Following is the Elasticsearch query:
{
"size": 0,
"query": {
"filtered": {
"query": {
"query_string": {
"query": "*"
}
},
"filter": {
"and": [
{
"range": {
"start_timestamp": {
"from": start_date,
"to": end_date
}
}
},
{
"term": { "id" : ad_id }
}
]
}
}
},
"aggs": {
"type1": {
"terms": {
"field": "type_a",
"size": 0,
"order": {
"revenue": "desc"
}
},
"revenue": {
"sum": {
"field": "revenue"
}
}
}
}
}
I tried checking by downloading all fields and summing them up in python and its giving me the correct number which leds me to believe that it might be related to my query? I checked the mapping for the field "revenue" and it's "double".
Is it some kind of overflow problem?
Thanks!
Solution which worked for me : Post linked in the comments below
Upvotes: 3
Views: 892
Reputation: 569
So was able to find the answer to it on elasticsearch discussion forum. According to Elasticsearch developer this happens due to dynamic mapping.

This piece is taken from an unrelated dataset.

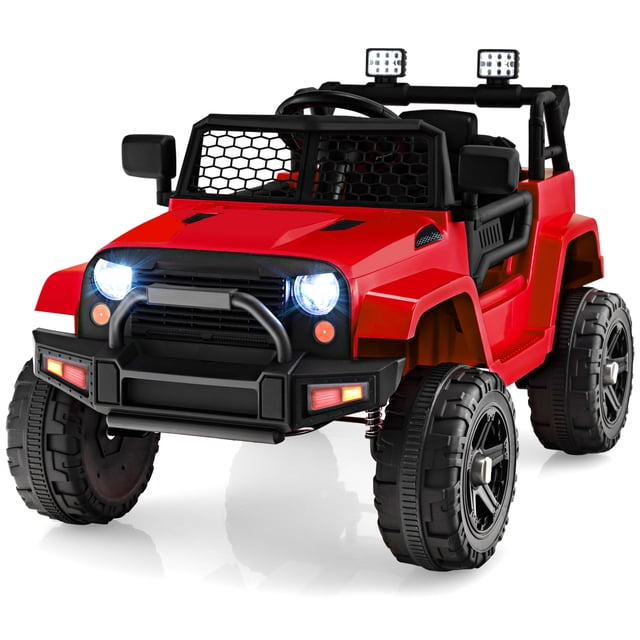 Patiojoy 12V Kids Ride On Car Electric Vehicle Jeep with Parental Remote Music Horn Headlights Slow Start Function Red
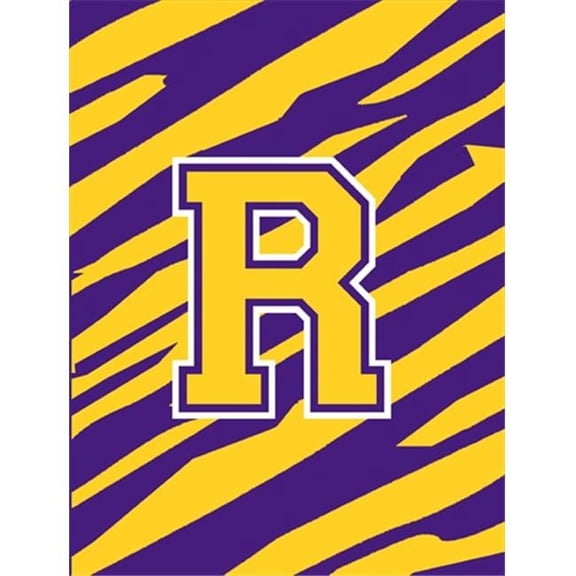 Carolines Treasures  Tiger Stripe Purple Gold Letter R Monogram Initial Flag House Size - 28 x 40 in.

This happens only rarely (hence why you only see it on one of your indices) when two shards dynamically map the same field as different types at the same time (one shard may see a double value and map the field to a double whilst the other sees a long value and maps the field to a long). This is a known bug in 1.x and will be fixed in the upcoming 2.0 release (the beta for this release is available now but DO NOT use this in production). To work around this bug you will need to re-index your data into an index with explicit mappings for your fields (especially your numeric fields).
There is also a python module to reindex your mapping. I did it manually in my python
Following is the link of python helper:
http://elasticsearch-py.readthedocs.org/en/latest/helpers.html
Upvotes: 2